# DATA EXCERPT:
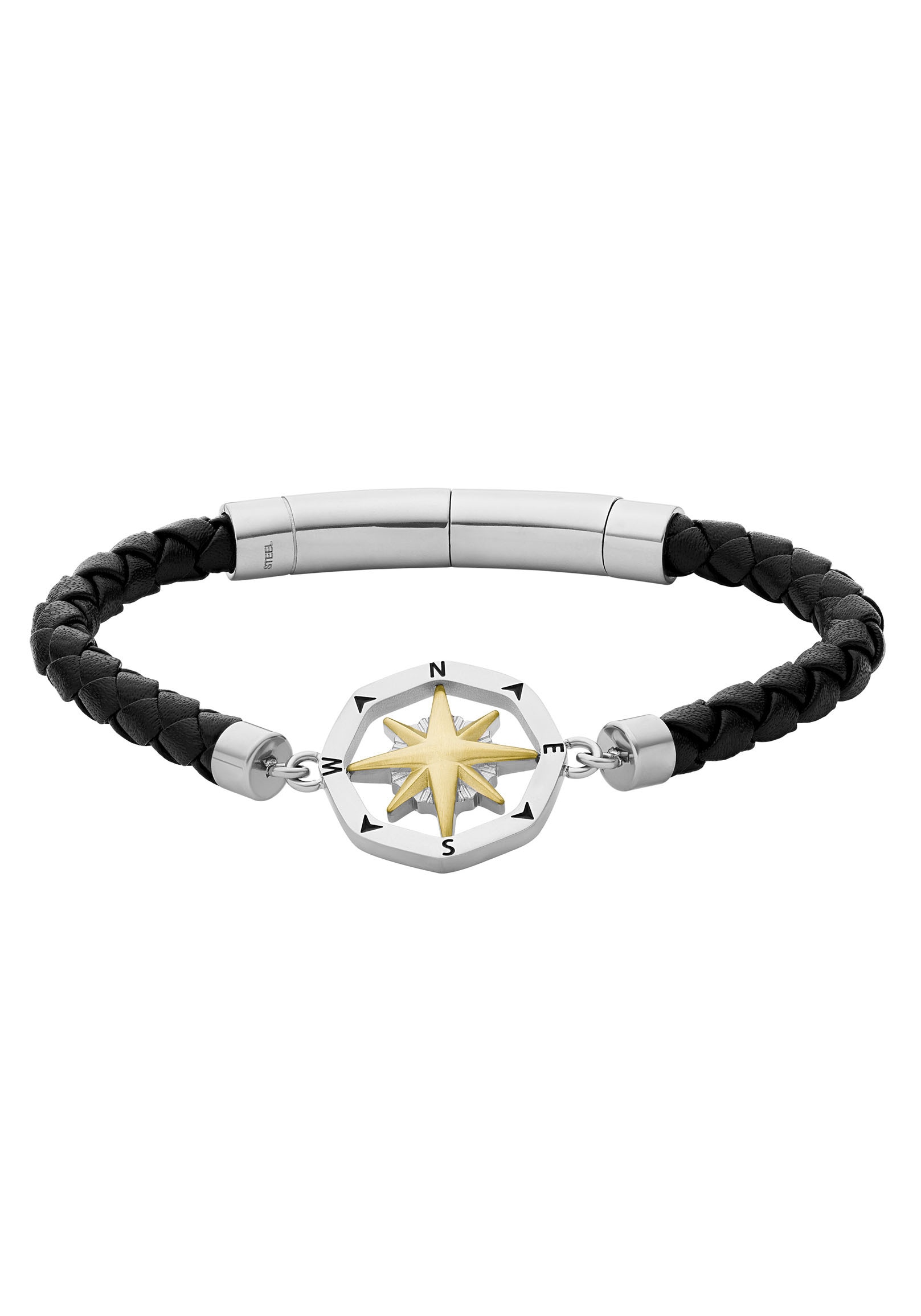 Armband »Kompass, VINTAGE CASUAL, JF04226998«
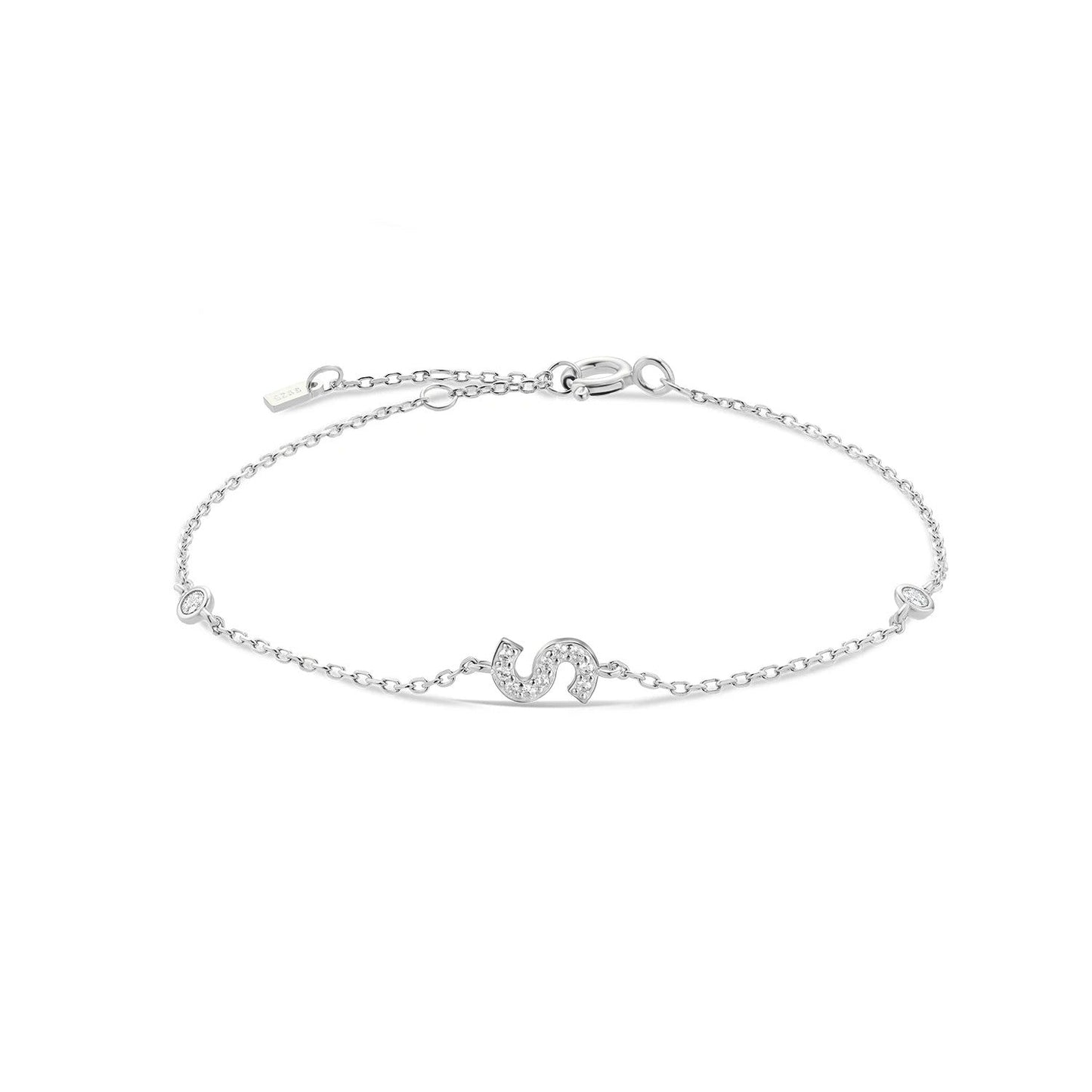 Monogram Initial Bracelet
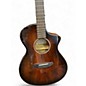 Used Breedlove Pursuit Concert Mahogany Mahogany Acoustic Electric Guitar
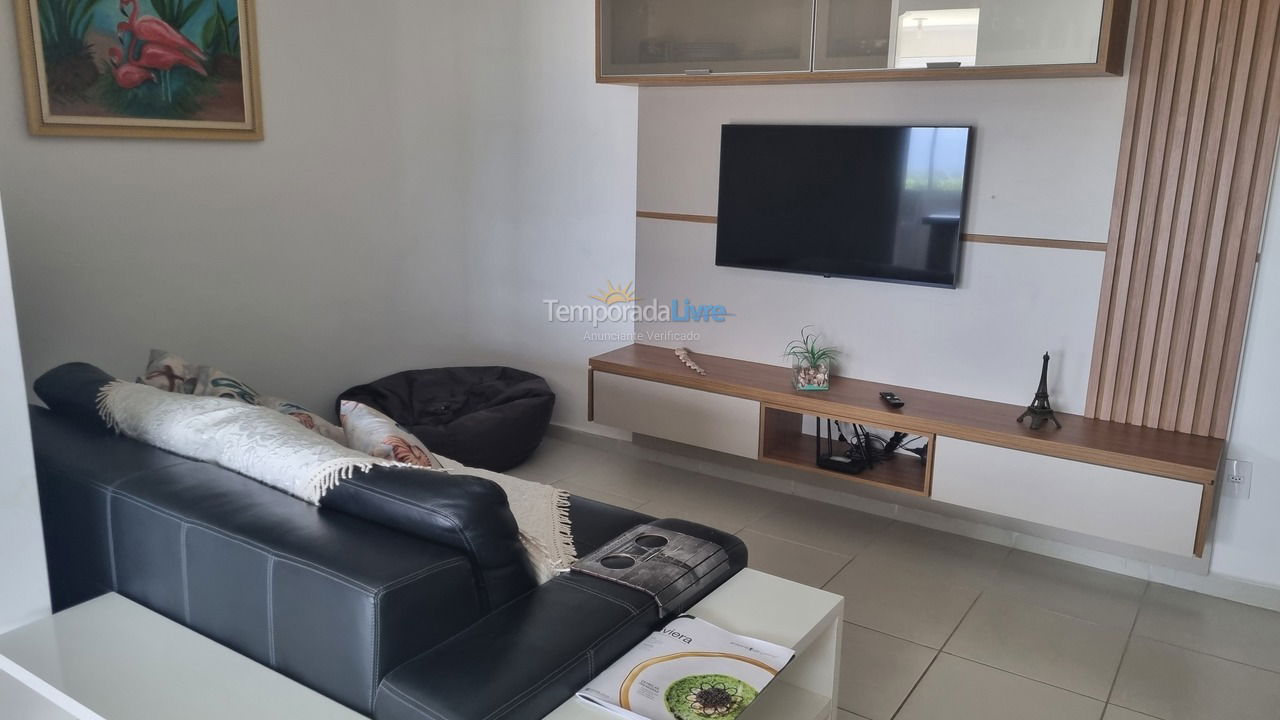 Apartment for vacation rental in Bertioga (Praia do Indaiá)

# ASSIGNMENT:
Your task is to repeat exactly the lines from the one containing "Used Breedlove Pursuit" through the end of the material, both included, and only those, without pictures.

# WRITTEN REPLY:
 Used Breedlove Pursuit Concert Mahogany Mahogany Acoustic Electric Guitar
 Apartment for vacation rental in Bertioga (Praia do Indaiá)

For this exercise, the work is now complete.